EXERCISE DETAILS
In the entries below, find the lines that contain the word "soft" and copy them.

[Items from a data source]
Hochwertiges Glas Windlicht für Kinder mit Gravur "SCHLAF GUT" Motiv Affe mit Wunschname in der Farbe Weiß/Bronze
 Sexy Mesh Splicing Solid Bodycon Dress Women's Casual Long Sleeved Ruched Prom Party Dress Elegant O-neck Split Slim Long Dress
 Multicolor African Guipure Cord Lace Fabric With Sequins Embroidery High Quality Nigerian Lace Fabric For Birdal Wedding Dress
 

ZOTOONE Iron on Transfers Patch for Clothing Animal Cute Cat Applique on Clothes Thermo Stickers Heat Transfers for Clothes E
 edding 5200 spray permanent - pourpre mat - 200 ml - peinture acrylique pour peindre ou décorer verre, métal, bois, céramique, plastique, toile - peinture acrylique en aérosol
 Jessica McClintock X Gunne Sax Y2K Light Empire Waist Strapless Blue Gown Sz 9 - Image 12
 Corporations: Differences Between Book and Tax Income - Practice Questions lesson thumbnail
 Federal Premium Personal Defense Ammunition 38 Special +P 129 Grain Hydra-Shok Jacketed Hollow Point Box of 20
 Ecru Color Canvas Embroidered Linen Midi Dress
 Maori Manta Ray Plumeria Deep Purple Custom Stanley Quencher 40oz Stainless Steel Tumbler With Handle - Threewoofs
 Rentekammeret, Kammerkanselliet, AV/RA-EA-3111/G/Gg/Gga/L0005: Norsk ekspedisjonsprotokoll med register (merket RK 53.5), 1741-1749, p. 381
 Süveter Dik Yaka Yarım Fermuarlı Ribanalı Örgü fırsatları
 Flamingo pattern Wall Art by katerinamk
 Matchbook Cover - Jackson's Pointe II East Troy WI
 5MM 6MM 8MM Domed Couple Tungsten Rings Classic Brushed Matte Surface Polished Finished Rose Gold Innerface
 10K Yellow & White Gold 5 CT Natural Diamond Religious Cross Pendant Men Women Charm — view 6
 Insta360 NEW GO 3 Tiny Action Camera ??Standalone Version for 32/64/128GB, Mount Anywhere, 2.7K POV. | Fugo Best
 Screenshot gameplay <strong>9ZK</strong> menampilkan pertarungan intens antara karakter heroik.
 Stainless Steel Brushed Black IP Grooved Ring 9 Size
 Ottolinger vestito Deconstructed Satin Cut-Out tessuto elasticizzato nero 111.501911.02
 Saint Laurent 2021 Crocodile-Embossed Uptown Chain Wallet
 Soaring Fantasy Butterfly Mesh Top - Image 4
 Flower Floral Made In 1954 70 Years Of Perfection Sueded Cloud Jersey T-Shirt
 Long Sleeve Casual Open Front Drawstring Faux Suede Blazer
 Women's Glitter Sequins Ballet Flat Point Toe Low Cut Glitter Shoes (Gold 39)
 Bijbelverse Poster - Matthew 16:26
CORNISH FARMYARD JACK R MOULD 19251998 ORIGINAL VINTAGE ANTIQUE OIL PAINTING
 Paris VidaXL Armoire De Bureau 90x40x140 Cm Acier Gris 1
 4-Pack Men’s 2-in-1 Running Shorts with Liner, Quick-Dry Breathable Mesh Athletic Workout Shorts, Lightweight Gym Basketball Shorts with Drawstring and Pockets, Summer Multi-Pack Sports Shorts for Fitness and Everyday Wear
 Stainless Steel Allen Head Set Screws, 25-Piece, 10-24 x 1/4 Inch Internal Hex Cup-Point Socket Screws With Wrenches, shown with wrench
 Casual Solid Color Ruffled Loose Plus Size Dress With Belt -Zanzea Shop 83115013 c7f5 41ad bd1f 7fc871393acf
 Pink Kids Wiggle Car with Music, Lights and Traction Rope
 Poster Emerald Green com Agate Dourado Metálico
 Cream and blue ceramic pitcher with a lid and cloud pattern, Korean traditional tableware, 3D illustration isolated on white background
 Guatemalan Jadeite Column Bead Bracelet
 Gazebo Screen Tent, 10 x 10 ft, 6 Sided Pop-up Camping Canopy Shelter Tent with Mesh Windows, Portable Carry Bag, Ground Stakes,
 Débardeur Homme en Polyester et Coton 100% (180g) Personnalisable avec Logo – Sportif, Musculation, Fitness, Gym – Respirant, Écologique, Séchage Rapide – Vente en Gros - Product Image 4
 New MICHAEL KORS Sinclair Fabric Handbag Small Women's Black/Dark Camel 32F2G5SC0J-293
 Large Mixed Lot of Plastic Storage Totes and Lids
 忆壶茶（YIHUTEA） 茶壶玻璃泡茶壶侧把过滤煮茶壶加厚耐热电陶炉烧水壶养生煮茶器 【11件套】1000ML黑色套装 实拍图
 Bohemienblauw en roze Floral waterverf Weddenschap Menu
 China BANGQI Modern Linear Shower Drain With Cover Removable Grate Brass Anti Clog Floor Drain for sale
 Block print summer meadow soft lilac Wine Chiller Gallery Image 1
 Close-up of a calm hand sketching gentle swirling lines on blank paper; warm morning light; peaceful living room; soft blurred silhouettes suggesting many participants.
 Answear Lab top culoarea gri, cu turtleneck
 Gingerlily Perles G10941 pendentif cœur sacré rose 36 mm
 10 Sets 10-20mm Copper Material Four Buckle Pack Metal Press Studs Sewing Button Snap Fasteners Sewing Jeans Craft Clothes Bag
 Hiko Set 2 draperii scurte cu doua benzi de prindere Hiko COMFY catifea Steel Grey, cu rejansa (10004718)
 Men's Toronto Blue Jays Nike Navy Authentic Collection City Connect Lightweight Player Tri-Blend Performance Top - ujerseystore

ANSWER TO THIS PROBLEM
 Block print summer meadow soft lilac Wine Chiller Gallery Image 1
 Close-up of a calm hand sketching gentle swirling lines on blank paper; warm morning light; peaceful living room; soft blurred silhouettes suggesting many participants.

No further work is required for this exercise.